Teach for what? Troubling questions surround the TFA model

November 14, 2012

For most students, landing a highly competitive and coveted job is a momentous occasion, complete with the obligatory call home to Mom, a boozy celebration with friends, and the immense relief that you won’t be living under an overpass after all. But for one student in my Democracy and Education class, acceptance into Teach for America was met only with a dismissive shrug, and she subsequently turned them down.

Now, it’s not that the program isn’t prestigious enough. TFA accepts only about 10 percent of students who apply, and she would be following a path well trodden by previous Hoyas, as Georgetown ranks third in TFA recruits for a school of its size. It’s not that she doesn’t want to be a teacher either, and it’s not that she doesn’t want to teach disadvantaged students. Her problem with the program runs deeper.

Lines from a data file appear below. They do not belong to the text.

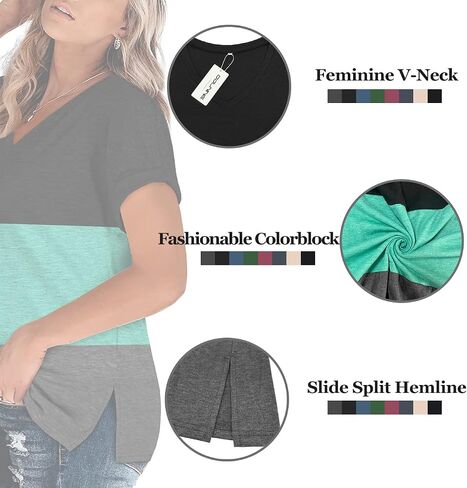 2XL Womens Tops Plus Size V Neck T Shirts Loose Fit Summer Tees Navy Blue 18W in Saudi Arabia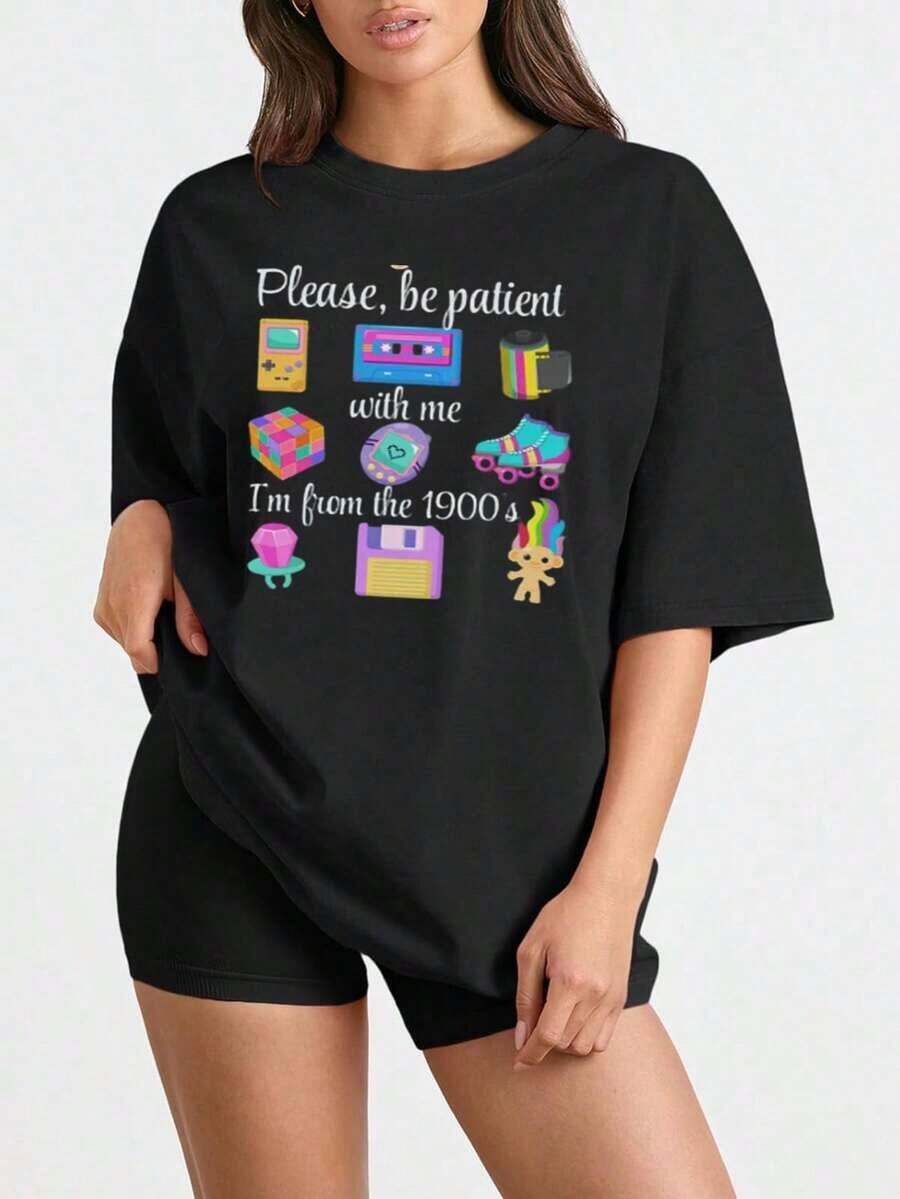 Modern Minimalist T-Shirt, "Please Be Patient With Me, I'm From The 20th Century" T-Shirt, Funny 90s Retro T-Shirt, Meme T-Shirt, Funny Gift For Mom, 20th Century Retro T-Shirt, Casual And Stylish T-Shirts, Workout Clothes, 100% Cotton, Breathable And Comfortable. - 黑色 - 查看 1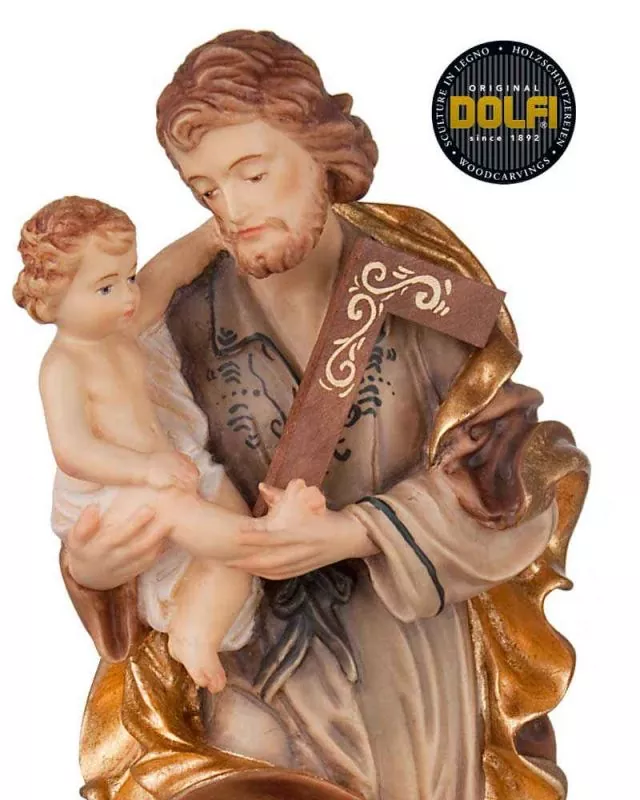 Hl. Josef mit Kind, Figur 20 cm holzgeschnitzt handkoloriert
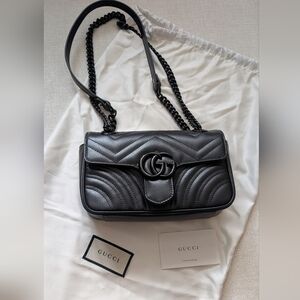 Gucci Black GG Marmont Quilted Leather Chain Bag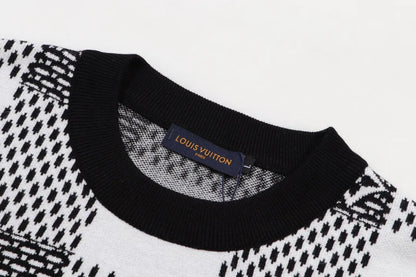 Checkered Monogram Knit Sweater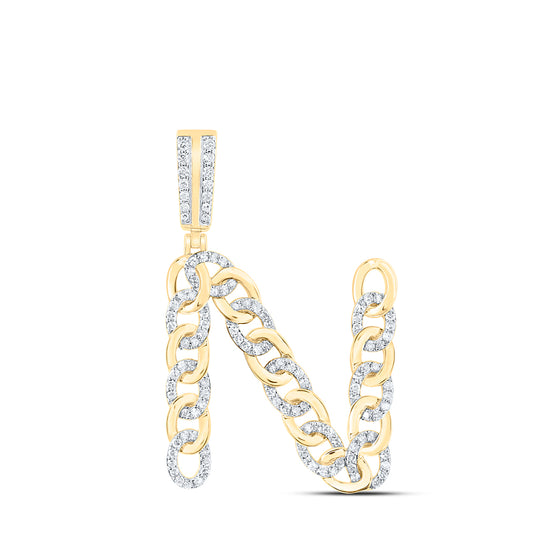 0.63 Ctw Natural Diamond Curb Link Initial Letter Alphabet N Pendant in 10k Yellow Gold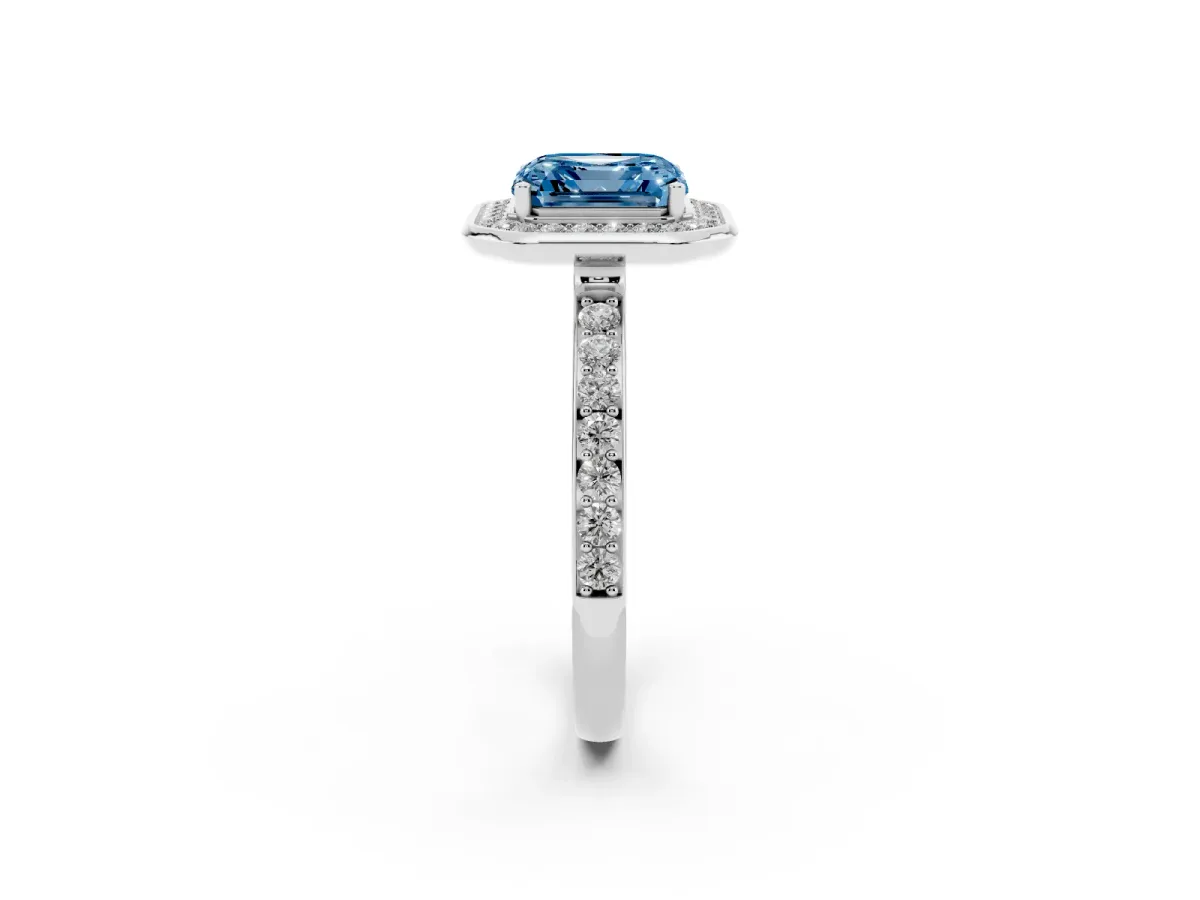 Fancy Blue Asscher Cut Diamond Halo Ring with Bezel Frame and Pavé Band Silver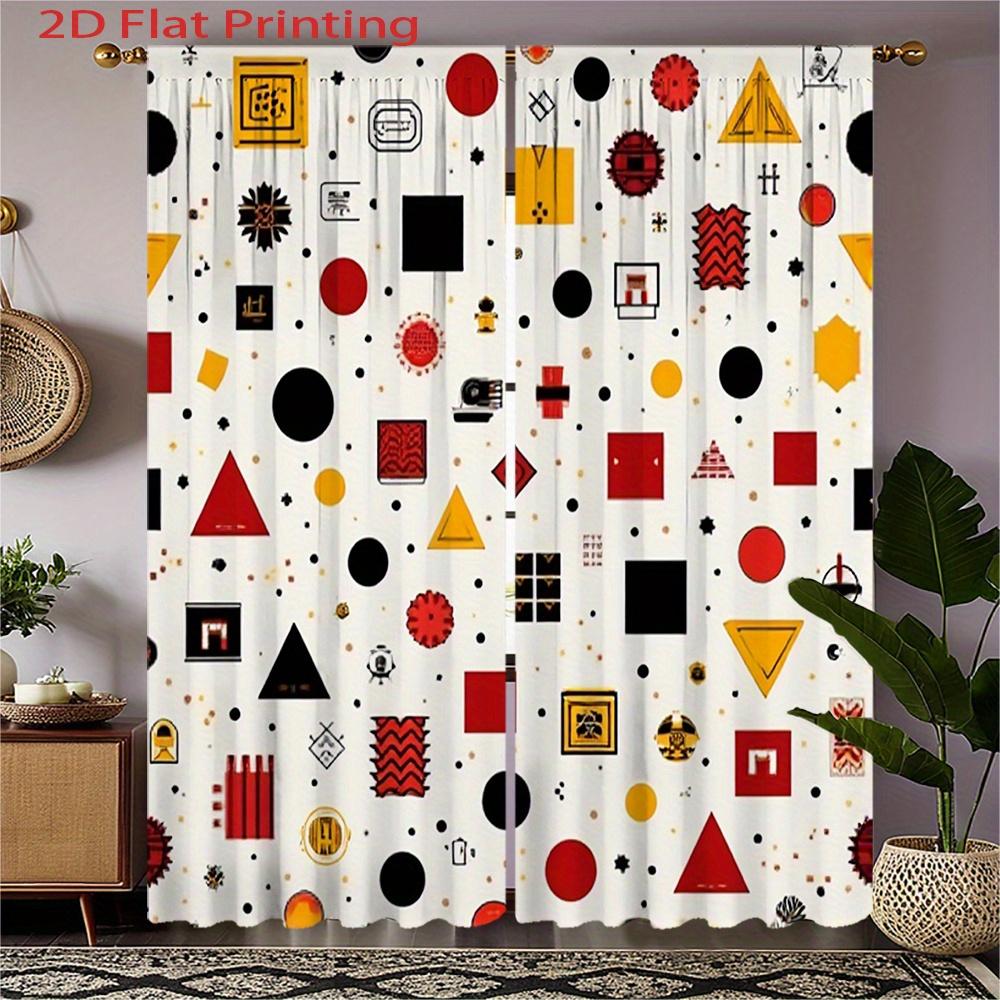Geometric Curtains 2pcs – Red Black Yellow Abstract Shapes on White, Mid-Century Modern Decor for Living Room and Bedroom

“I just don’t agree with their model,” she told me.

The model she referred to is Teach for America’s training program for new recruits, and I stand firmly with her judgment. The program consists of a five-week teacher bootcamp where hundreds of starry-eyed 22-year-olds fresh out of their graduation gowns are supposed to learn not only how to teach, but how to teach the most disadvantaged, challenging student populations in the country. Then they’re plopped down in classrooms from Anacostia to Appalachia with the expectation that their raw intellect and youthful drive will allow them to prop up the most troubled schools and inspire the most educationally-deprived students to academic success.

If it sounds like a recipe for disaster, that’s because it is.

Educational scholars and teachers of all stripes say it takes years to become competent in the profession, not weeks or months. Dwayne Williams, a teacher trainer and evaluator for D.C. Public Schools, tells his teachers they won’t be good at their job until they’ve spent at least 1,000 days in the field. With very few exceptions, TFA recruits simply aren’t properly prepared when they arrive in the classroom, and a growing body of evidence suggests they aren’t serving students as well as they could be.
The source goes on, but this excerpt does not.